WORK INSTRUCTIONS
Without the pictures, print the lines from the one holding "705 Turner Street" through the last line below, both included, exactly as they stand.

STORED DATA

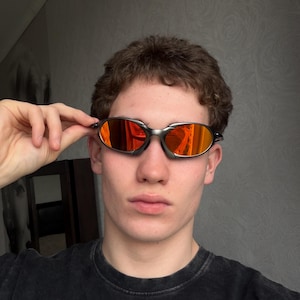 May include: Oval-shaped sunglasses with a silver frame and orange-tinted lenses. The sunglasses are held up by a hand. The person is wearing a black t-shirt.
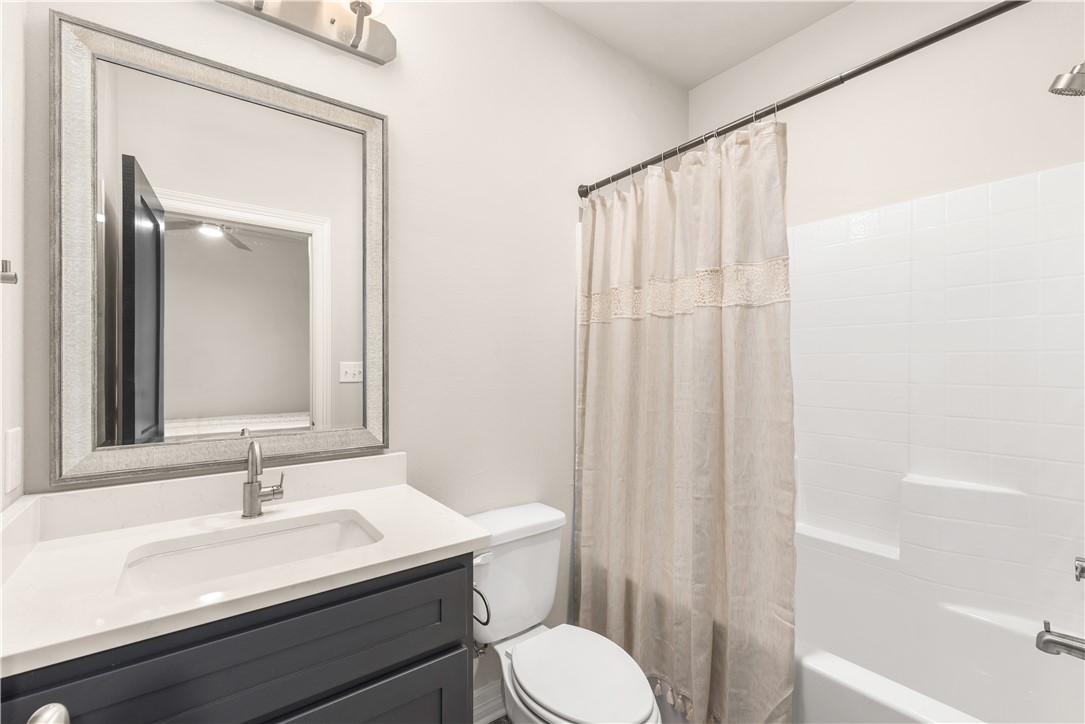 705 Turner Street College Station, TX 77840 - Photo 11 of 19 a bathroom with a sink a toilet and shower curtain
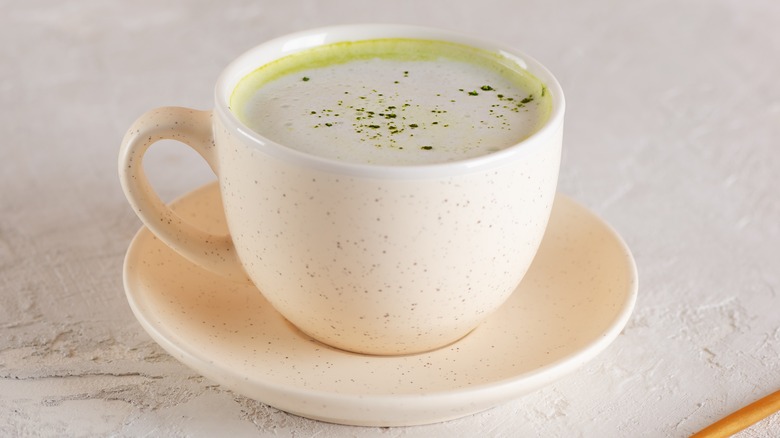 Hot coconut matcha latte in a white mug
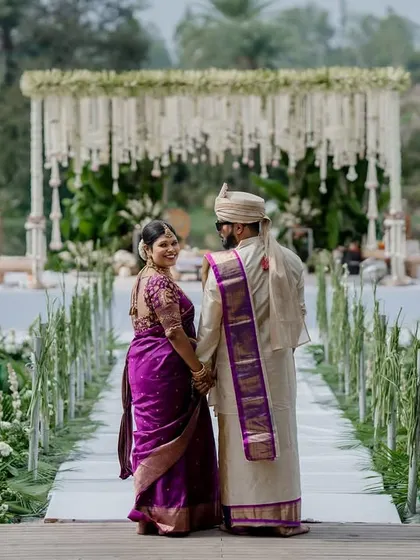 A beautiful moment on a floating mandap. The unique venue and the couple's connection create a truly magical and unforgettable wedding portrait.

EXERCISE RESULT
 705 Turner Street College Station, TX 77840 - Photo 11 of 19 a bathroom with a sink a toilet and shower curtain
 Hot coconut matcha latte in a white mug
 A beautiful moment on a floating mandap. The unique venue and the couple's connection create a truly magical and unforgettable wedding portrait.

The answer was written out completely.